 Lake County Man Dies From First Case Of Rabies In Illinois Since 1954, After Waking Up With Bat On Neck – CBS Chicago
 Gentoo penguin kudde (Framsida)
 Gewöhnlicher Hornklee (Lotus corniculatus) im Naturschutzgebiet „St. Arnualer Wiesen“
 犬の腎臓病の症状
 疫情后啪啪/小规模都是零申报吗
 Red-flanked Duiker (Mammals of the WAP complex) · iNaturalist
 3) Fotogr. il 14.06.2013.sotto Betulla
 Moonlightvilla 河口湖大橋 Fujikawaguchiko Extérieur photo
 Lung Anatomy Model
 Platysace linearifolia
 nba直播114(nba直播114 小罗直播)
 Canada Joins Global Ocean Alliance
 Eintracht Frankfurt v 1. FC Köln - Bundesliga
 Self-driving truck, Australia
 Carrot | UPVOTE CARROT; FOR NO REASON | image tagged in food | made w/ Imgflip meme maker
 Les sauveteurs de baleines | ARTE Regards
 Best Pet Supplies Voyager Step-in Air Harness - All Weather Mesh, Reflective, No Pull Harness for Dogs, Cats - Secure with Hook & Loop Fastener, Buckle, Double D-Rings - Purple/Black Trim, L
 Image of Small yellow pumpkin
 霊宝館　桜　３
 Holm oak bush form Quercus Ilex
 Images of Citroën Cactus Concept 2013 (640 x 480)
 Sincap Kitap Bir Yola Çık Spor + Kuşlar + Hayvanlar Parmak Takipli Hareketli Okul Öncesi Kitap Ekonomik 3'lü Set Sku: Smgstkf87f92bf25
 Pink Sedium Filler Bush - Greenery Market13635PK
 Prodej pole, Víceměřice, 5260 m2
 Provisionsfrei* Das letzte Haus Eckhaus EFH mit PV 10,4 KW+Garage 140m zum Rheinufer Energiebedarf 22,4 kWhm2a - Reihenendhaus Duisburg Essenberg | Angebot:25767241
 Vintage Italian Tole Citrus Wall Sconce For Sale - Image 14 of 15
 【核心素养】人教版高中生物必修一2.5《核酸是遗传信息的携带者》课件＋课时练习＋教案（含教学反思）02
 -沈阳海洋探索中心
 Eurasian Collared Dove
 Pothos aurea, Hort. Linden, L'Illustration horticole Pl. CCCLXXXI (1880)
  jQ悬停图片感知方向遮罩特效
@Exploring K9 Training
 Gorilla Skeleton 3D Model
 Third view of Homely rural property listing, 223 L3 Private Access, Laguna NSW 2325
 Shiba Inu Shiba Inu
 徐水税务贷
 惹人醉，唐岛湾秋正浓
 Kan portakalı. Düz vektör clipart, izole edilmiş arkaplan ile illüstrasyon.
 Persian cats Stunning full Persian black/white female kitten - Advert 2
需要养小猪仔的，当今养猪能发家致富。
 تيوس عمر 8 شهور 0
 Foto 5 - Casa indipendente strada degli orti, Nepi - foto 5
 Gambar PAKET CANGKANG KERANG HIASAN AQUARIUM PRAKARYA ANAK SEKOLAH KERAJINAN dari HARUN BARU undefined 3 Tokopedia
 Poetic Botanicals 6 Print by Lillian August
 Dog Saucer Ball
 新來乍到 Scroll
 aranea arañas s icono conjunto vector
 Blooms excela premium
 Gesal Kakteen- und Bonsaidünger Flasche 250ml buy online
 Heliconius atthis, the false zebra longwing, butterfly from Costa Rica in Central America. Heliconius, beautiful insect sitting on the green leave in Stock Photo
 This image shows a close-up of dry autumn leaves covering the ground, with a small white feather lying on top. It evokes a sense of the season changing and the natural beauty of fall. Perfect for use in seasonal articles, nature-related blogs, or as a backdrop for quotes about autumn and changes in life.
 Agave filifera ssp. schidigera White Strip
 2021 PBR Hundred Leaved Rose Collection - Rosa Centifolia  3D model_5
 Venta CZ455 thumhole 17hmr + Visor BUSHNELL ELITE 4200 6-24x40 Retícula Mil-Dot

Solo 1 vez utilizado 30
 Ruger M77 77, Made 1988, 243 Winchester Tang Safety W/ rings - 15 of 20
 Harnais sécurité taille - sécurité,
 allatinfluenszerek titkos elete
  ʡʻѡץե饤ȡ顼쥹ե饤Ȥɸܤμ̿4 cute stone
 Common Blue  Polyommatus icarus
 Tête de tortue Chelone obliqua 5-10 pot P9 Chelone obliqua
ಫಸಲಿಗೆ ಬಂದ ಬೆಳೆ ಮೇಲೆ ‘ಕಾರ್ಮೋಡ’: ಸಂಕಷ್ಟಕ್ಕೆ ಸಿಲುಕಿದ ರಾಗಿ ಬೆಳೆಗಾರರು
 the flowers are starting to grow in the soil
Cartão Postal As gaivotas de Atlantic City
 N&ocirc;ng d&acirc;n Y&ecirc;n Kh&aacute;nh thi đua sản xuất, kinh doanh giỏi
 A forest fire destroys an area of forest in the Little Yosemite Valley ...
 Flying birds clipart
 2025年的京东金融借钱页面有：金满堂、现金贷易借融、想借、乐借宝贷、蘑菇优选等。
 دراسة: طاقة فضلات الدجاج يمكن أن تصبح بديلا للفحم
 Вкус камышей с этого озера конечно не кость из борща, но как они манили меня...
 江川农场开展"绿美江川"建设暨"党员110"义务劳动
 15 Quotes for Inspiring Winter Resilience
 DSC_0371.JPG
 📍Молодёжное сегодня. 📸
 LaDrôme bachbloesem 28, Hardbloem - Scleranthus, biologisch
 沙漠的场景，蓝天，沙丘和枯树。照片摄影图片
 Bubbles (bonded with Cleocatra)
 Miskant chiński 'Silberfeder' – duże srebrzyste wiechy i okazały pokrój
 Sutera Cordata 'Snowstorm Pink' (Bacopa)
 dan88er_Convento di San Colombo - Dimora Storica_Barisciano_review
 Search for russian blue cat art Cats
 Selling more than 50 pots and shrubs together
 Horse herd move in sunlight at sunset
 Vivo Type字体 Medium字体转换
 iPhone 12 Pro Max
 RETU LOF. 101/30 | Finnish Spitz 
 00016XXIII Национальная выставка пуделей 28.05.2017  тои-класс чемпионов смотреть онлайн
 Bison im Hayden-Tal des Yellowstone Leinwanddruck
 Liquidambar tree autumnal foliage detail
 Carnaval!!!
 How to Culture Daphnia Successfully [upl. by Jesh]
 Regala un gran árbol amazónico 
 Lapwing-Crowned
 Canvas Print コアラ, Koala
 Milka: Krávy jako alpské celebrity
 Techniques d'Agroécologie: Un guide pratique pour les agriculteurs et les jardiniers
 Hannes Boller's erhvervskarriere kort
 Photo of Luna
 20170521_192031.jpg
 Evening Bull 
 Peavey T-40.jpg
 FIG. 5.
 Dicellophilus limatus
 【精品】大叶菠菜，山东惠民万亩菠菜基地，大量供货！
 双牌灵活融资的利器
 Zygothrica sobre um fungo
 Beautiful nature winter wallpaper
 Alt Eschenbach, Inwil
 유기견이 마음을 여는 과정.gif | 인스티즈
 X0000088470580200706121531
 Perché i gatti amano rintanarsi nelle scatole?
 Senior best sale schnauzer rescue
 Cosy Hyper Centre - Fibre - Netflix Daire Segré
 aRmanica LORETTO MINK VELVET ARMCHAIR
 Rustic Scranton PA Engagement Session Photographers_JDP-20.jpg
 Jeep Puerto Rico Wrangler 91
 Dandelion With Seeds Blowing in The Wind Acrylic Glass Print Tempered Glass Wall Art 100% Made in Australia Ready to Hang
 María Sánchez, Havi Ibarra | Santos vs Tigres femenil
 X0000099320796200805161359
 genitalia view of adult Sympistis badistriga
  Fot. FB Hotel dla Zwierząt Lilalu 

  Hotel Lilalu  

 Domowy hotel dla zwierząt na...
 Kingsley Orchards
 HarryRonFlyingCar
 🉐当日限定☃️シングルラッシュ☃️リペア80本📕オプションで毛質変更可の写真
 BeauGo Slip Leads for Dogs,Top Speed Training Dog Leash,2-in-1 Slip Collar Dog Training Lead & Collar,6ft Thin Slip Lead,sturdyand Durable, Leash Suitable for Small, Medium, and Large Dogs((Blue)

----------------

BRIEF ▸ Lines from the one holding "Kingsley Orchards" through the last line of the material are to be repeated exactly; no other lines belong in the answer.

TASK SOLUTION ▸
 Kingsley Orchards
 HarryRonFlyingCar
 🉐当日限定☃️シングルラッシュ☃️リペア80本📕オプションで毛質変更可の写真
 BeauGo Slip Leads for Dogs,Top Speed Training Dog Leash,2-in-1 Slip Collar Dog Training Lead & Collar,6ft Thin Slip Lead,sturdyand Durable, Leash Suitable for Small, Medium, and Large Dogs((Blue)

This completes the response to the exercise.